DATA SECTION START
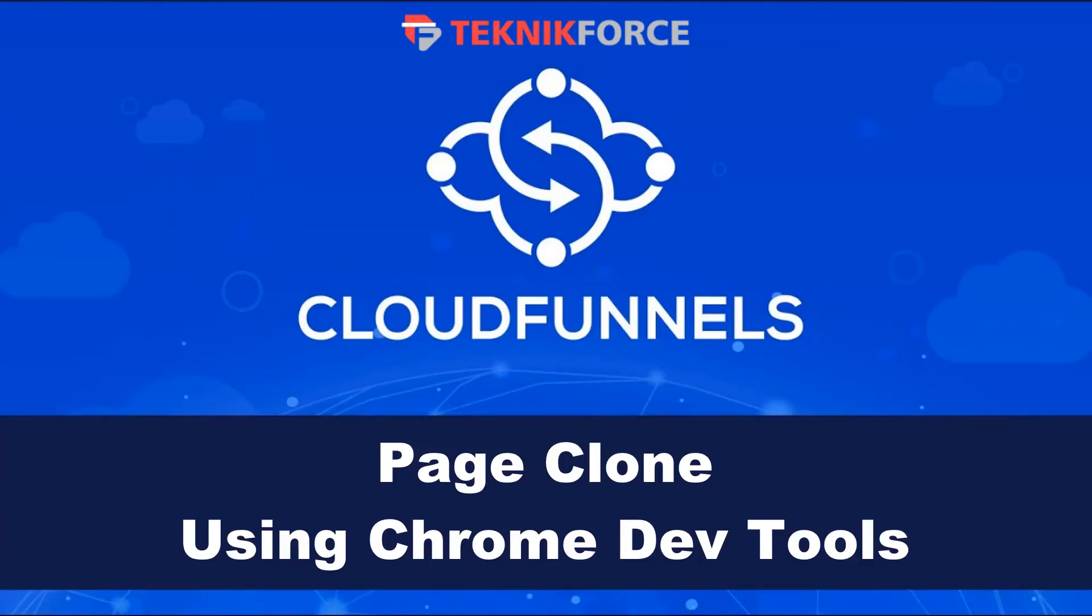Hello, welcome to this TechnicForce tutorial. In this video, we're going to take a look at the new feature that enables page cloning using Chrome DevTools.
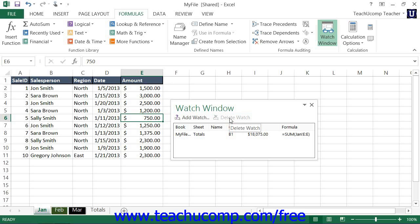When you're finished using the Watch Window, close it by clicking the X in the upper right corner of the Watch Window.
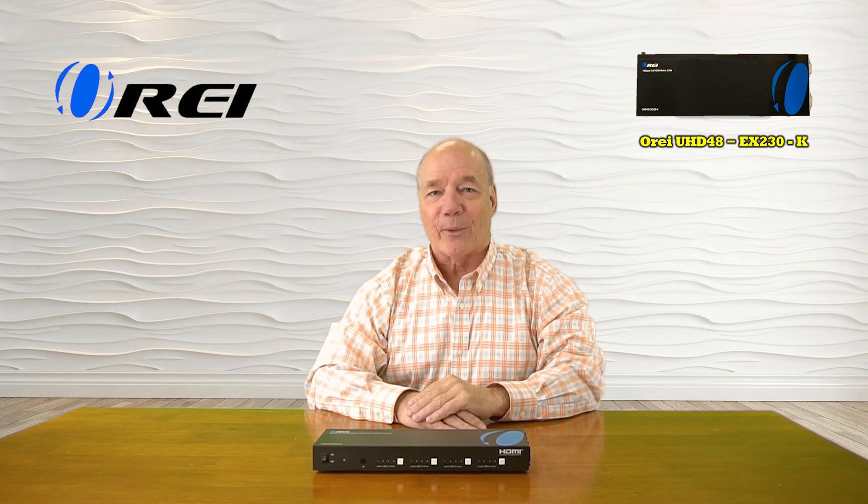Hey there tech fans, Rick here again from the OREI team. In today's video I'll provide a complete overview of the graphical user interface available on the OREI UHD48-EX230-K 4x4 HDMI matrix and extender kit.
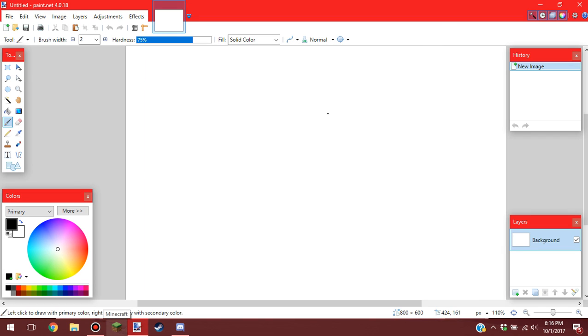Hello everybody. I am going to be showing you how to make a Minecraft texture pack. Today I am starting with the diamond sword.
DATA SECTION END
DATA SECTION START
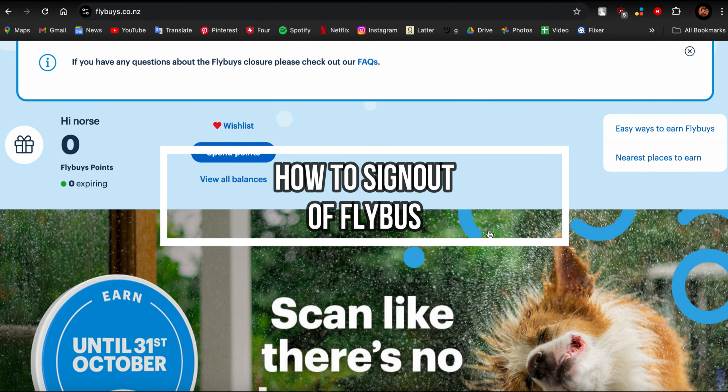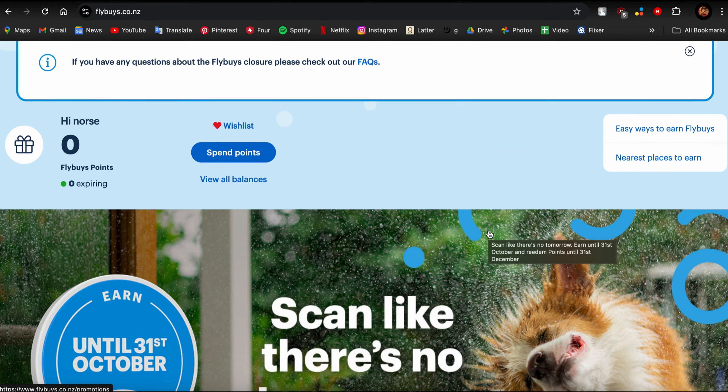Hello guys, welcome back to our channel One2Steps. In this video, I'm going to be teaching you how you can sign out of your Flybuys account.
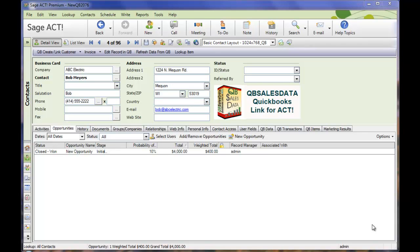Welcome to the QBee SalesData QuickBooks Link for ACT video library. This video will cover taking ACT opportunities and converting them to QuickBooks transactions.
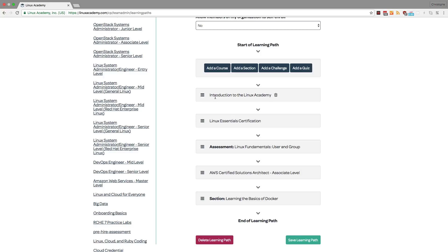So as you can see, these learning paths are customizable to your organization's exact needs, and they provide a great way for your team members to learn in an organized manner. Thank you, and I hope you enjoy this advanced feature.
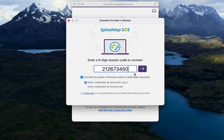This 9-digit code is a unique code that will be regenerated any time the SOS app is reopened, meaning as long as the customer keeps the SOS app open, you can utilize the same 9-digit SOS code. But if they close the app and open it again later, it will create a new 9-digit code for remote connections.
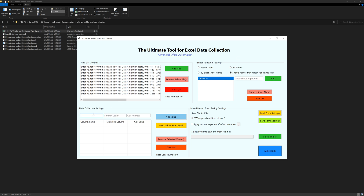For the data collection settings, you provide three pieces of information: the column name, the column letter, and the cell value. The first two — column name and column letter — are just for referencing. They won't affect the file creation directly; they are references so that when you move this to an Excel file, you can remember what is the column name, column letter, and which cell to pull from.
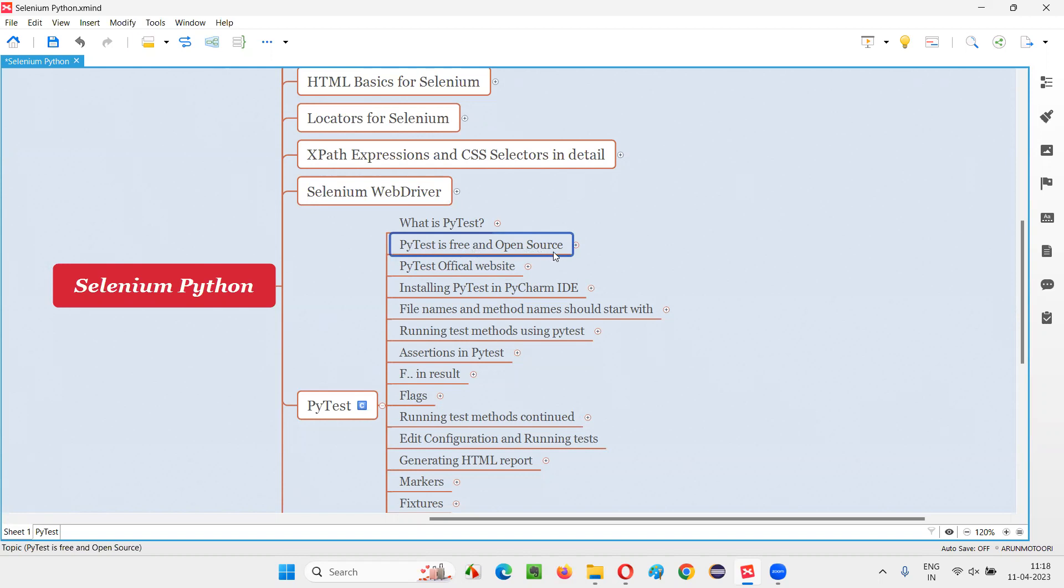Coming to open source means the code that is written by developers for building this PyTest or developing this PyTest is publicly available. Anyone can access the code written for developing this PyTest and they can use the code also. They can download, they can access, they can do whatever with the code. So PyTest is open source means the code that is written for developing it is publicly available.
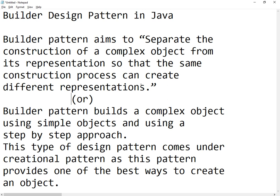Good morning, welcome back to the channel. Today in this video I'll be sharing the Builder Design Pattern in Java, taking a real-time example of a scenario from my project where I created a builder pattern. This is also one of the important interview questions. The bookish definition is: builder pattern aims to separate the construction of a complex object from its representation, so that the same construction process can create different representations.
DATA SECTION END
DATA SECTION START
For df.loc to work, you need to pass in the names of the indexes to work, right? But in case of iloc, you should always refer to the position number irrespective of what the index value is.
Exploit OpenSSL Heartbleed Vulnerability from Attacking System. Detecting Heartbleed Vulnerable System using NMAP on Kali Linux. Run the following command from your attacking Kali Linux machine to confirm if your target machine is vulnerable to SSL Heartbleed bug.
DATA SECTION END
▶ **YOUR INSTRUCTIONS**
Transcribe the lines above exactly, beginning at the one with "Coming to open" and ending at the one with "Good morning, welcome". Include both; exclude the pictures.

▶ **ANSWER BOX**
Coming to open source means the code that is written by developers for building this PyTest or developing this PyTest is publicly available. Anyone can access the code written for developing this PyTest and they can use the code also. They can download, they can access, they can do whatever with the code. So PyTest is open source means the code that is written for developing it is publicly available.
Good morning, welcome back to the channel. Today in this video I'll be sharing the Builder Design Pattern in Java, taking a real-time example of a scenario from my project where I created a builder pattern. This is also one of the important interview questions. The bookish definition is: builder pattern aims to separate the construction of a complex object from its representation, so that the same construction process can create different representations.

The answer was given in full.